The Vetting Act applies not just to schools but to any relevant organisation that employs, contracts, permits or places a person in relevant work with children or vulnerable persons.  The Vetting Act provides that vetting is conducted by the National Vetting Bureau on foot of an application by a relevant organisation that is registered with it.  The vetting legislation and the vetting procedures operated by the National Vetting Bureau fall within the remit of the Minister for Justice and Equality.

When the vetting requirements were commenced in 2016, my Department issued circular 0031/2016 which set out the statutory vetting requirements applicable to schools along with the practical arrangements in place to support the vetting procedures.  A Frequently Asked Questions document was also published by my Department to assist schools with queries in respect of the Circular. 

At the same time, the vetting related provisions of the Teaching Council (Amendment) Act, 2015 were commenced.
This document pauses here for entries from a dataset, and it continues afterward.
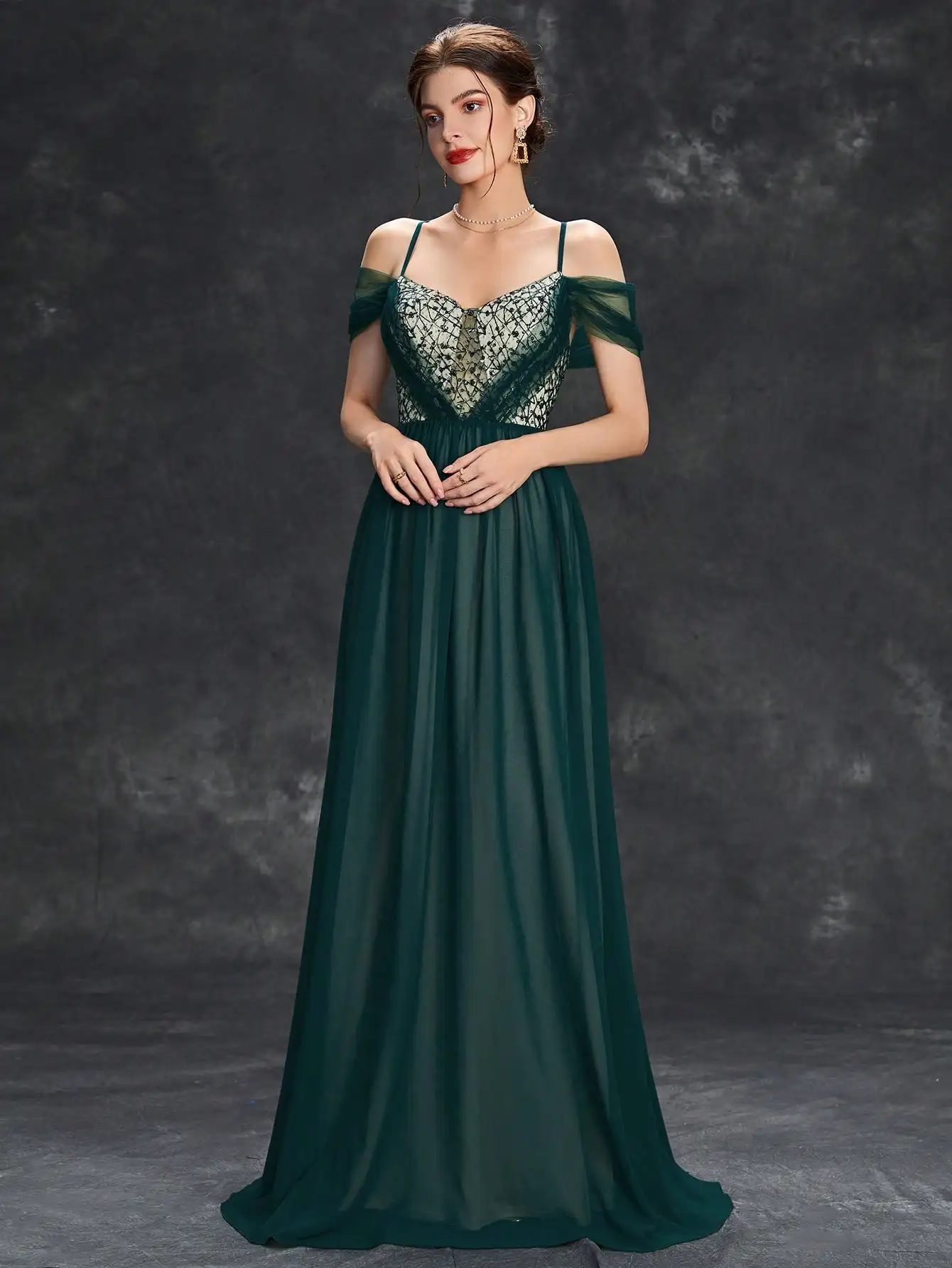 Mgiacy-プリーツシフォンスカート,Vネック,スパンコール,カットアウト,メッシュ,イブニングドレス,ウエディングドレス,イブニングドレス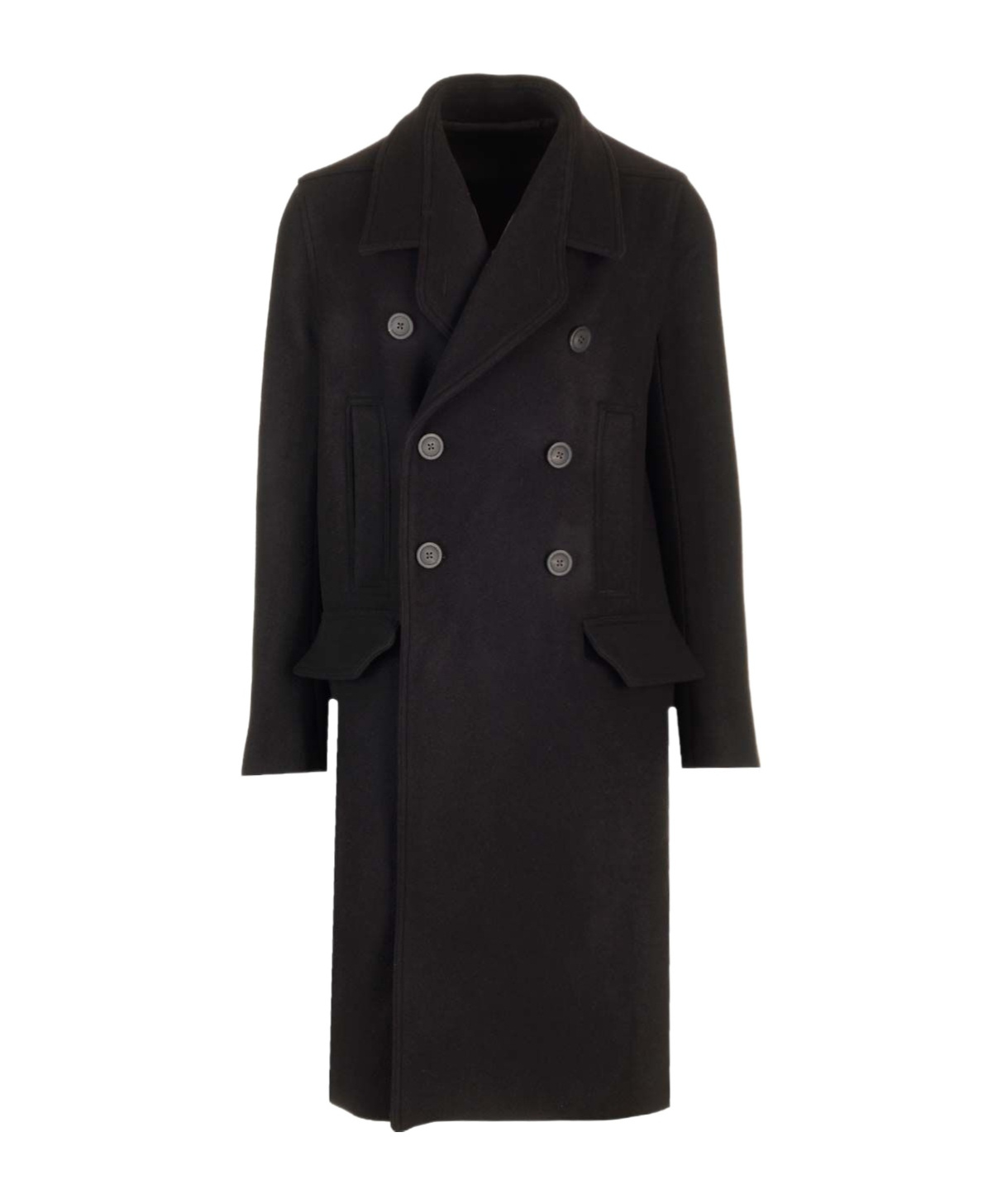 Rick Owens Officer Coat Structured Wide Lapels In Black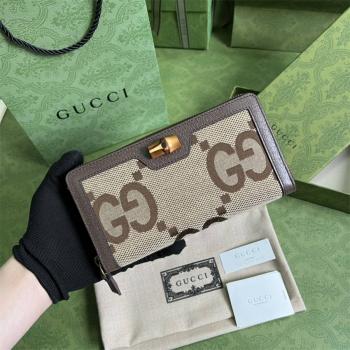 古驰658634饰超级双G图案Gucci Diana竹节长款拉链钱包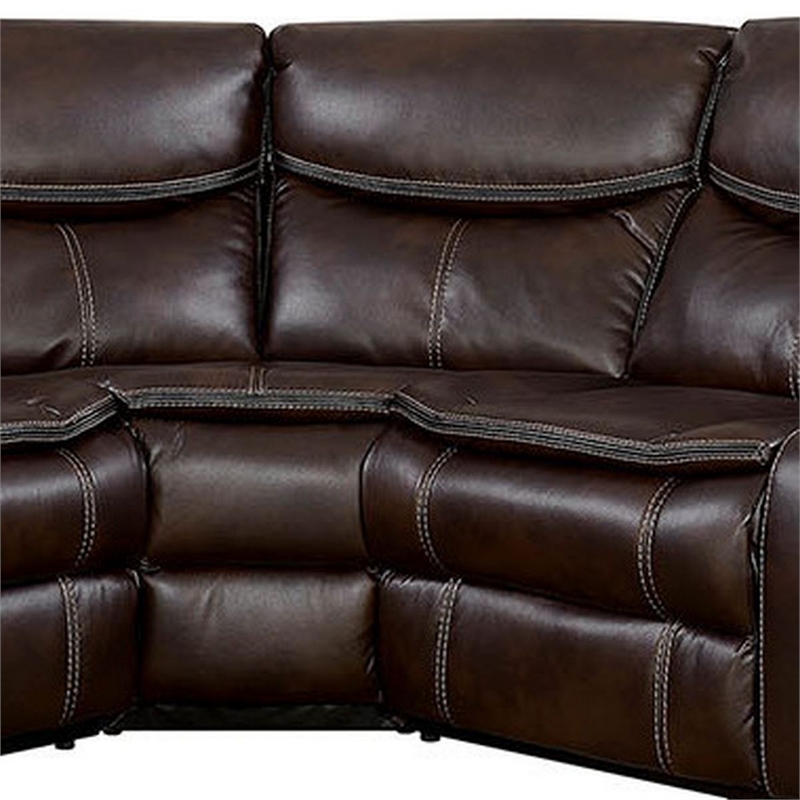 Benjara Leatherette Reclining Sectional with Double Stitching Details- Brown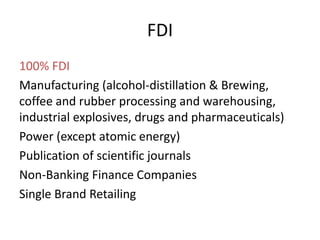 FDI
100% FDI
Manufacturing (alcohol-distillation & Brewing,
coffee and rubber processing and warehousing,
industrial explo...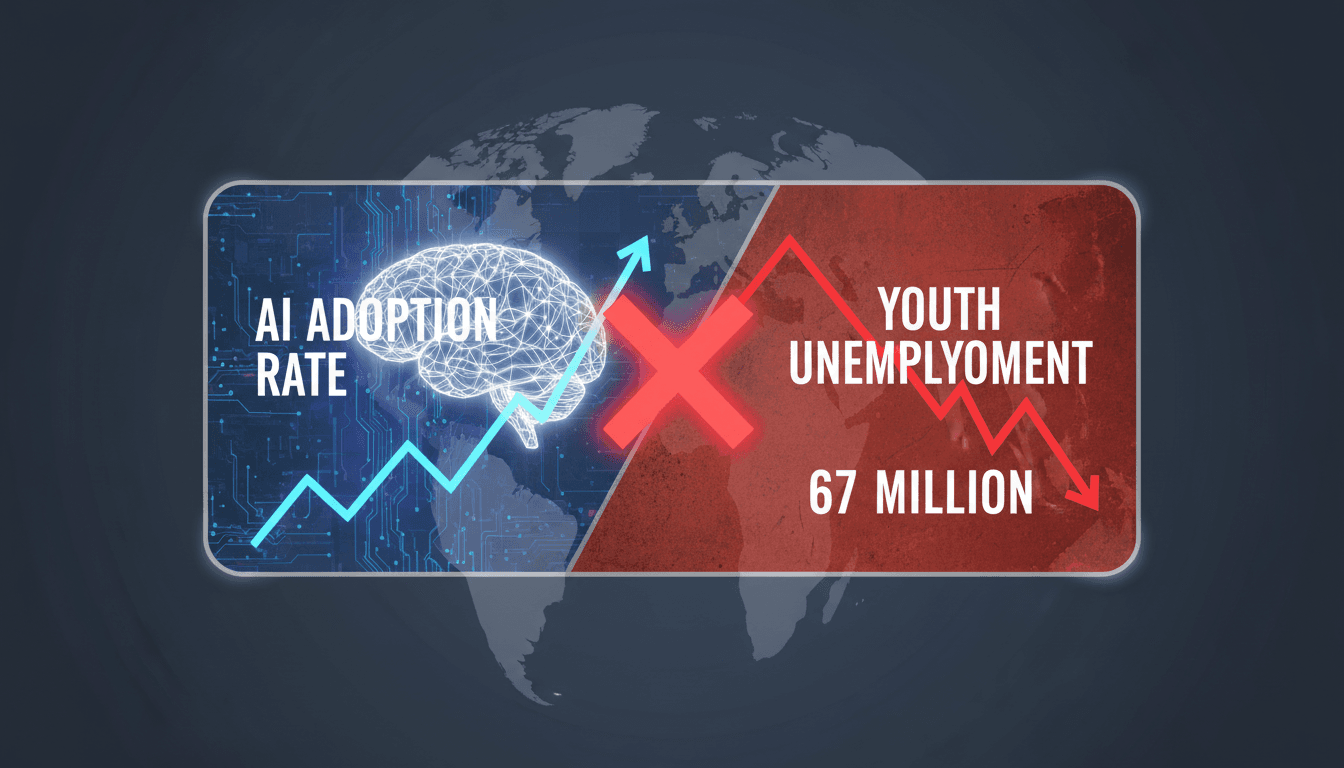 Graph showing the rise of youth unemployment linked to AI technologies.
The existence of the Teaching Council, as a statutory body with a statutory role in the registration of registered teachers, enabled my Department to bring forward the relevant legislative provisions under the Teaching Council Amendment Act 2015 which allowed for such a streamlined mechanism to be put in place in the case of registered teachers. 

However, it is not possible for my Department to put in place similar legislative arrangements in respect of non-teaching staff, such as Special Needs Assistants (SNAs).

The Vetting Act provides that a relevant organisation must, other than in certain limited circumstances, obtain a vetting disclosure from the National Vetting Bureau prior to commencing the employment of an employee to undertake relevant work with children or vulnerable adults.  Each school is a relevant organisation under the Vetting Act and the creation of a panel of potential SNA employees, including a panel of substitutes,  across schools would not obviate the obligation of each individual school to obtain a vetting disclosure prior to employing a person from such a panel.

The Vetting Act however allows for some limited exemptions to this requirement, including certain exemptions that are applicable in the case of recurring substitute employments such as a recurring substitute SNA employment.  The Act’s exemptions in respect of substitute employments are set out in section 5.3 of my Department’s Circular. 

Under the new statutory vetting procedures, the vetting of SNAs and other non-teaching staff continues to be conducted via the relevant diocesan office or school management body as the relevant conduit organisation for the vetting of SNAs and other non-teaching staff employed by schools. In the case of ETB schools the relevant ETB is the relevant organisation for such vetting.